In 1896 a grand event took place. The Governor General and his wife, Lord and Lady Aberdeen, hosted a large-scale ball that went down in the city’s history forever.  It is worth telling a little about Lady Aberdeen, born Ishbel Maria Marjoribanks, who was the event initiator. The woman was known for her sturdy social views. Subsequently, she founded the Victorian Order of Nurses as well as the Canadian branch of the National Council of Women.

Lady Aberdeen was fond of historical contests and lavish and sumptuous gowns. She participated in the arrangements of three major balls held in Ottawa, Toronto and Montreal.

Lord and Lady Aberdeen’s first ball in Ottawa

On February 17, 1896, an event included in the collection of remarkable episodes in Canadian history took place. It was the first of three famous balls held in the Senate Chamber on Parliament Hill. That period was characterized by the religious and linguistic schism in Canada. Lord and Lady Aberdeen stood as progressives and attempted to emphasize that they were honoring their country’s history through their actions.

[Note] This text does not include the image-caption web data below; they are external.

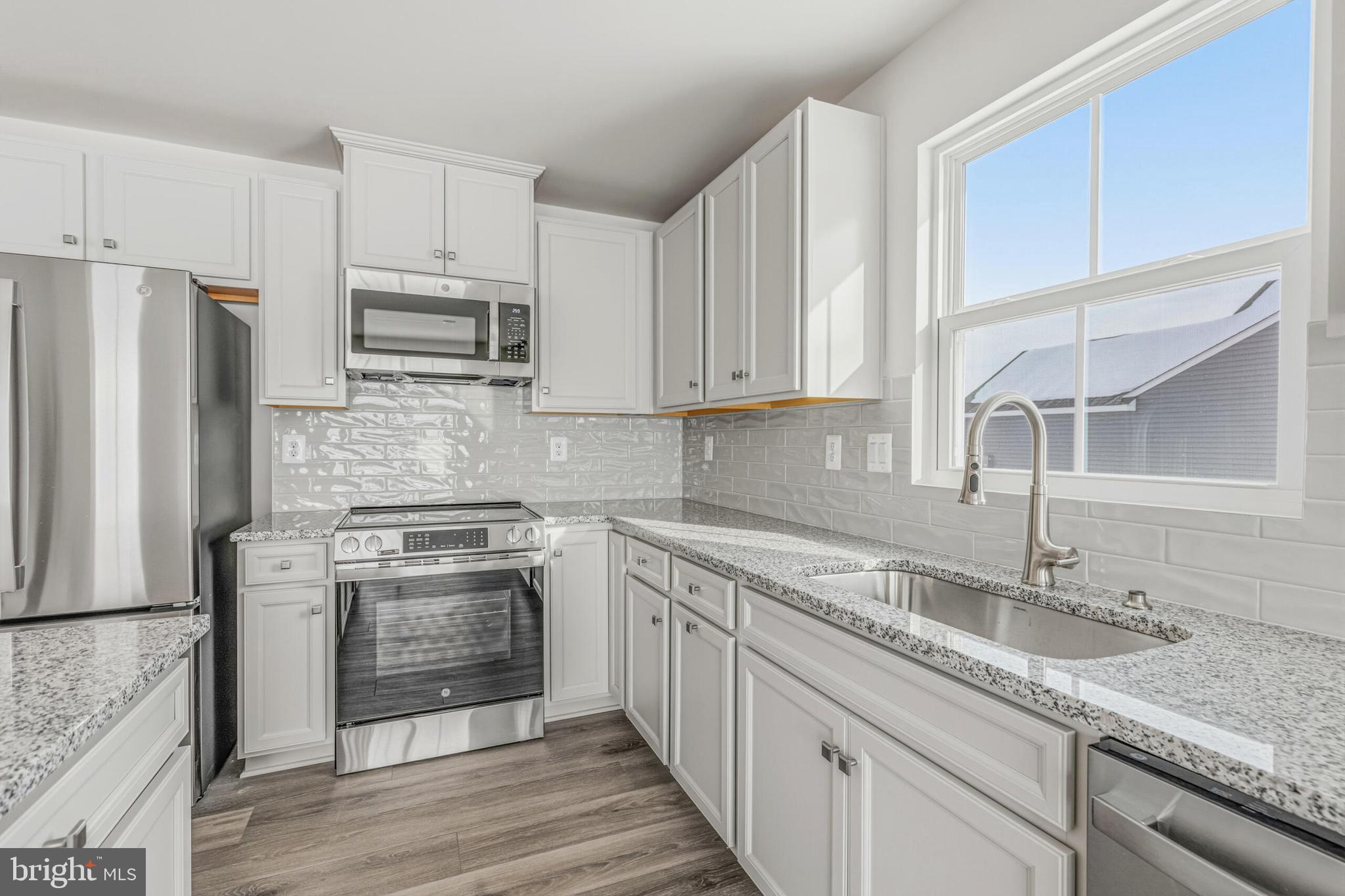 COMMUNITIES OF BURWELL - Residential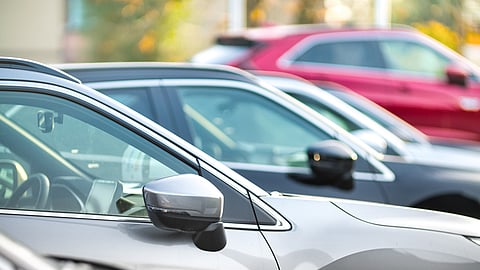 $250k Land Rover triggers Tata Motors’ quiet revolution: Chris Bryant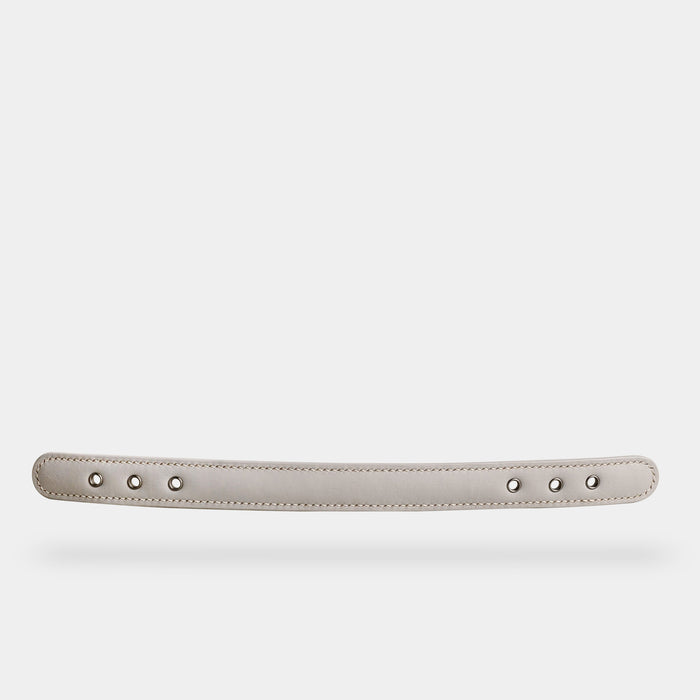Two Elephants Collar Leather - Part B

Over 1,300 invitations were sent, requiring guests to dress in one of nine historical groups. Each group included famous historical figures as well as supporting characters. The clerk of the House of Commons, an author of books on Canadian history, chose a theme for each group. It was indeed a spectacular event, striking in its scale. The preparation for the ball itself was also extraordinary.

However, the ball was almost canceled because of the death of Prince Henry of Battenberg. Under the protocol, there were supposed to be six weeks of mourning. Still, the ball took place but the governor-general and his lady did not dress up for the ball, given the norms of the protocol.

Lady Aberdeen came to welcome their guests in a formal court dress, wearing a veil and ostrich feathers. Lord Aberdeen wore the official Windsor uniform.

Features of conducting the ball

Two days before the planned date of the event, a dress rehearsal was supposed to be held. Dancing was challenging, so some groups hired an instructor and rehearsed a lot and learned the moves. Here is an example. The group that portrayed Jacques Cartier’s discovery of Canada performed a quadrille. The other group, which got the Days of Montcalm and Wolfe, danced the Farandole.

A quite interesting fact is that Lady Aberdeen also took care of the clothes for all the invitees. She invited two costume designers from Montreal to Ottawa. Thus, guests of the ball could rent splendid outfits for the night for $5 to $10.

During this period, the Senate Chamber was temporarily closed. It was necessary to arrange a dance floor worth $25 thousand as to1896. Such an exorbitant price in those days was later condemned, as well as the workers’ overtime labor.

The ballroom featured decorations, while blue silk flags with a crown fluttered on each pillar. One room of the Senate chamber was set aside purposely for the orchestra, while the other was for the buffet-style dining room.

At 9 p.m., the ball began. The police checked the invitations at the door. By 11 p.m., about 240 participants had already left the dance floor and gone down to the dining room. After clearing the floor, guests danced again. The grand ball lasted until 5 a.m. It was a success. The press called the ball “a brilliant spectacle that can’t be compared with anything else.”

Lord and Lady Aberdeen could only rejoice at this as, for one night, the linguistic and religious schism was temporarily forgotten. The importance was entirely on something else, namely the dancing and costumes, as well as the preparation and the sheer scale of the event.